5

Problem

I have some assets in my application which are updated from time to time in an asynchronous fashion.

The example I'm gonna use here is Vehicles. There are two tables:

  • Vehicles: holds information about the vehicles themselves
  • VehicleUpdates: holds information about all updates that happened for that vehicle.

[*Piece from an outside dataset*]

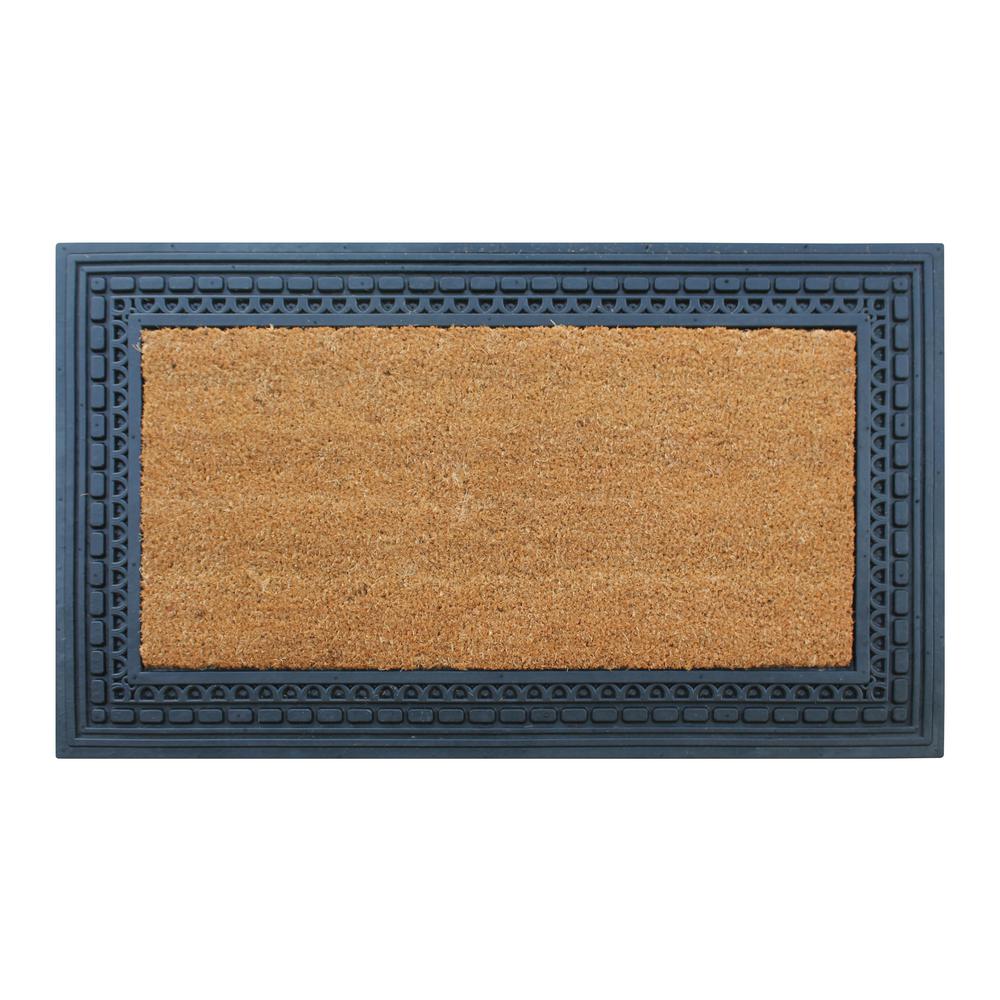 A1 Home Collections A1hc First Impression Black Beige 24 In X 39 In Rubber And Coir Heavy Duty Easy To Clean Outdoor Doormat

The relevant parts of the table structure are:

CREATE TABLE `Vehicles` (
 `id` varchar(50) NOT NULL,
 `organizationId` varchar(50) NOT NULL,
 `plate` char(7) NOT NULL,
 `vehicleInfo` json DEFAULT NULL,
 `createdAt` timestamp NOT NULL DEFAULT CURRENT_TIMESTAMP,
 `updatedAt` timestamp NULL DEFAULT NULL ON UPDATE CURRENT_TIMESTAMP,
 PRIMARY KEY (`id`),
 UNIQUE KEY `unq_Vehicles_orgId_plate_idx` (`organizationId`,`plate`) USING BTREE,
 KEY `Vehicles_createdAt_idx` (`createdAt`),
);
CREATE TABLE `VehicleUpdates` (
 `id` varchar(50) NOT NULL,
 `organizationId` varchar(50) NOT NULL,
 `vehiclePlate` char(7) NOT NULL,
 `status` varchar(15) NOT NULL,
 `createdAt` timestamp NOT NULL DEFAULT CURRENT_TIMESTAMP,
 `updatedAt` timestamp NULL DEFAULT NULL ON UPDATE CURRENT_TIMESTAMP,
 PRIMARY KEY (`id`),
 KEY `VehicleUpdates_orgId_vhclPlt_createdAt_idx` (`organizationId`,`vehiclePlate`,`createdAt`) USING BTREE
);

Now I have a new requirement in which I must return the latest update information along side the vehicle information itself.

Groupwise MAX Solutions

After digging a little, I've found this blog article. I then tried to use the suggested "uncorrelated subquery" approach, since it's deemed the best one:

Uncorrelated subquery

SELECT vu1.*
 FROM VehicleUpdates AS vu1
 JOIN
 ( SELECT vehiclePlate, organizationId, MAX(createdAt) AS createdAt
 FROM VehicleUpdates
 GROUP BY organizationId, vehiclePlate
 ) AS vu2 USING (organizationId, vehiclePlate, createdAt);

This query has an average execution time of 275 ms in my production database.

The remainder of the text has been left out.